Last Thursday I went up to New Haven to talk to a group of law school students about “The Postapartheid in South Africa” (I’ll try and post excerpts from that presentation sometime closer to the April 22 election once I have edited it). Traveling there and back on the train presented the opportunity to catch up with backlogged reading.
A few of these were from a pack of readings I saved from 2003. I was given the pack while writing a chapter for a book about South Africa’s first decade of democracy.

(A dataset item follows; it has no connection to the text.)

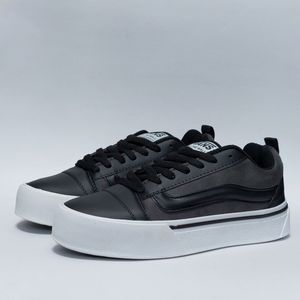 مشخصات کتانی ونس کنو اسکول مشکی knu skool vans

[The Njabulo Ndebele essay I quoted from last week is from the same set of readings.] Compiled by Edgar Pieterse–who also edited the book–the readings included lots of creative writing, including from Ashraf Jamal, Santu Mofokeng, Gael Reagon (on Moses Molelekwa’s suicide), Khulile Nxumalo, Abdullah Ibrahim, Lueen Cunning (now Malika Ndlovo), Keorepetse Willy Kgositsile, Mongane Wally Serote, and Flemming Røgilds. But the piece that stuck with me is a poem, “Impassable Bridge” by Mzi Mahola (it’s quoted in an essay by Kelwyn Sole, about postapartheid poetry published in New Formations):
I phoned for an MP
A former bosom friend.
His secretary asked,
In connection with what?
It punctured my ego,
I felt my manhood shrinking.
I said,
Give him my message
Tell him that poisonous mushrooms
Sprout under rotten logs.
If he asks for my name
Say it was an angered poet.
If you can do that for me
I’ll be OK.
But she was quick to add,
She said,
And lizards don’t fly
For their food
They crawl.
She hung up.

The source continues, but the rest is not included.